→ REQUIRED ACTION
Each entry should be copied as it stands, leaving the pictures behind.

→ PROVIDED MATERIAL

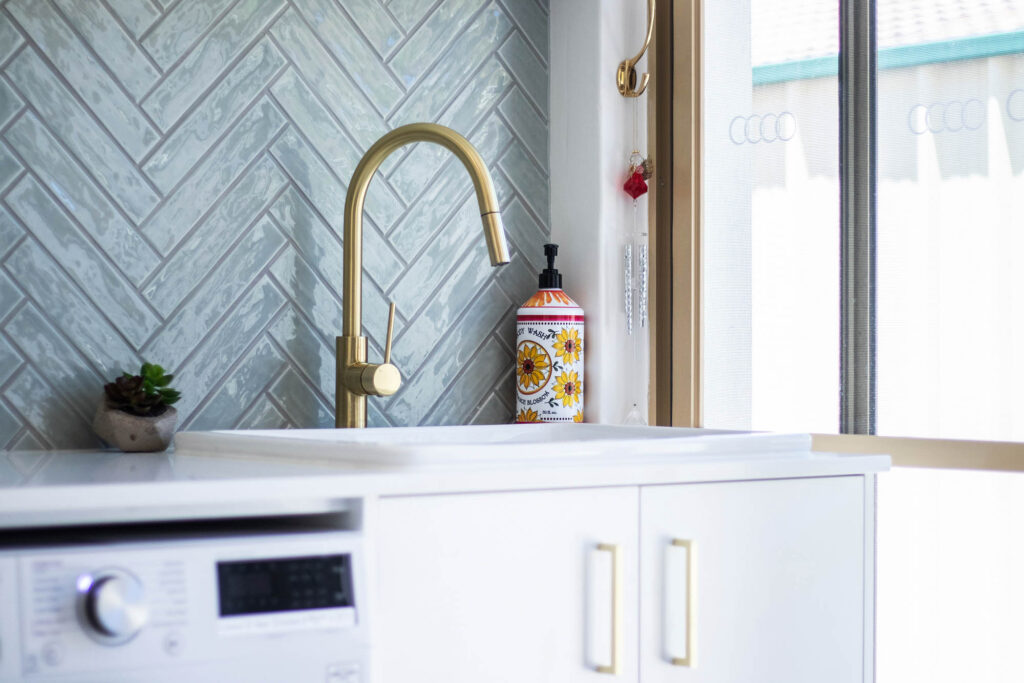 Laundry designs with beautiful fishbone tiles, brass fixings, and white cabinetry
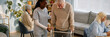 © Seventyfour - Senior man using walker being assisted by nurse in elderly care facility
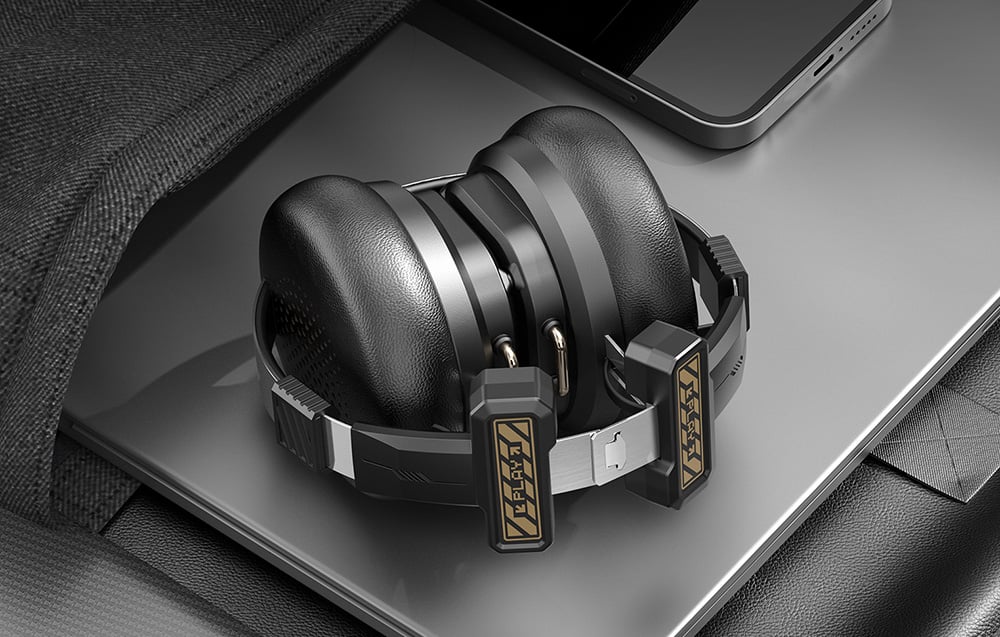 Folded Onikuma headphones being put into a bag with a laptop and smartphone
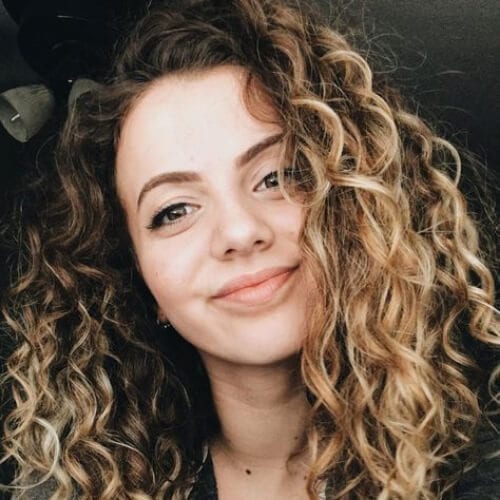 curly brown hair with blonde highlights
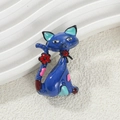 Cute blue enamel cat brooch with red flower detail and colorful patterns on metal base - Blue Cat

→ EXERCISE RESULT
 Laundry designs with beautiful fishbone tiles, brass fixings, and white cabinetry
 © Seventyfour - Senior man using walker being assisted by nurse in elderly care facility
 Folded Onikuma headphones being put into a bag with a laptop and smartphone
 curly brown hair with blonde highlights
 Cute blue enamel cat brooch with red flower detail and colorful patterns on metal base - Blue Cat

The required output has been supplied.